A History of Indian Philosophy Volume 1

by Surendranath Dasgupta | 1922 | 212,082 words | ISBN-13: 9788120804081

This page describes the philosophy of causation as satkaryavada: a concept having historical value dating from ancient India. This is the seventeenth part in the series called the “the kapila and the patanjala samkhya (yoga)”, originally composed by Surendranath Dasgupta in the early 20th century.

Part 17 - Causation as Satkāryavāda

The theory that the effect potentially exists before it is generated by the movement of the cause

The above consideration brings us to an important aspect of the Sāṃkhya view of causation as satkāryavāda. Sāṃkhya holds that there can be no production of a thing previously non-existent; causation means the appearance or manifestation of a quality due to certain changes of collocations in the causes which were already held in them in a potential form. Production of effect only means an internal change of the arrangement of atoms in the cause, and this exists in it in a potential form, and just a little loosening of the barrier which was standing in the way of the happening of such a change of arrangement will produce the desired new collocation—the effect. This doctrine is called satkāryavāda, i.e. that the kārya or effect is sat or existent even before the causal operation to produce the effect was launched. The oil exists in the sesamum, the statue in the stone, the curd in the milk. The causal operation (kārakavyāpāra) only renders that manifest (āvirbhūta) which was formerly in an unmanifested condition (tirohita)[1].
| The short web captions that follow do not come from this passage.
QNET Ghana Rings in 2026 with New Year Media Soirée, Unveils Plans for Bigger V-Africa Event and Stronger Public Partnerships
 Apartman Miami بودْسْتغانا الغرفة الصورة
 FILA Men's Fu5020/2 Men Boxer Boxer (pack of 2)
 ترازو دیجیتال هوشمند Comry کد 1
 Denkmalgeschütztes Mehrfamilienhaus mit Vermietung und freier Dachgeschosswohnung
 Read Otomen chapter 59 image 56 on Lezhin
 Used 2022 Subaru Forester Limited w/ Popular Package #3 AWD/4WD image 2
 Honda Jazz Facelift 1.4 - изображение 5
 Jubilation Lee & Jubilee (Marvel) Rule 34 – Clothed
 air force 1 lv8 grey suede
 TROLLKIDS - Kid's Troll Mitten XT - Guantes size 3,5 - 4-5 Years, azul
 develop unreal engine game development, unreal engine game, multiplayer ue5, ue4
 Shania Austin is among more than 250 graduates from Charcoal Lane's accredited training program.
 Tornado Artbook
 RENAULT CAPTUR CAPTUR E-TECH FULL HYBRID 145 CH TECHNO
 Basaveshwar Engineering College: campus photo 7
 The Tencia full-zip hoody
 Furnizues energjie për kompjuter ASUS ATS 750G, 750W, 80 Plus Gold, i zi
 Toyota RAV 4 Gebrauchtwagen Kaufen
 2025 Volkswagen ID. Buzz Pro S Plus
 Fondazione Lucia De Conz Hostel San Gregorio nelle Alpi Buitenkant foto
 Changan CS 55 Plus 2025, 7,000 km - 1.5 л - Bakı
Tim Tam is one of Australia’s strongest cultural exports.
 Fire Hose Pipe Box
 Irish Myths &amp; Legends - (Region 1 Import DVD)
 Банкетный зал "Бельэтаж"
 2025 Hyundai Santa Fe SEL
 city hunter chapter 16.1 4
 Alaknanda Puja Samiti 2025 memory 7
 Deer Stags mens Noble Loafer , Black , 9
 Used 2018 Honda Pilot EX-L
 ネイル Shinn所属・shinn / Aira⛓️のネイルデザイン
The Buddhists also believed in change, as much as Sāṃkhya did, but with them there was no background to the change; every change was thus absolutely a new one, and when it was past, the next moment the change was lost absolutely. There were only the passing dharmas or manifestations of forms and qualities, but there was no permanent underlying dharma or substance. Sāṃkhya also holds in the continual change of dharmas, but it also holds that these dharmas represent only the conditions of the permanent reals. The conditions and collocations of the reals change constantly, but the reals themselves are unchangeable. The effect according to the Buddhists was non-existent, it came into being for a moment and was lost. On account of this theory of causation and also on account of their doctrine of śūnya, they were called vaināśikas (nihilists) by the Vedāntins. This doctrine is therefore contrasted to Sāṃkhya doctrine as asatkāryavāda. The Jain view holds that both these views are relatively true and that from one point of view satkāryavāda is true and from another asatkāryavāda. The Sāṃkhya view that the cause is continually transforming itself into its effects is technically called pariṇāmavāda as against the Vedānta view called the vivarttavāda; that cause remains ever the same, and what we call effects are but illusory impositions of mere unreal appearance of name and form —mere Māyā[2].

Footnotes and references:

[1]:

Tattvakaumudī, 9.

[2]:

Both the Vedānta and the Sāṃkhya theories of causation are sometimes loosely called satkāryyavāda. But correctly speaking as some discerning commentators have pointed out, the Vedānta theory of causation should be called satkāranavāda for according to it the kāraṇa (cause) alone exists (sat) and all kāryyas (effects) are illusory appearances of the kārana; but according to Sāṃkhya the kāryya exists in a potential state in the kārana and is hence always existing and real.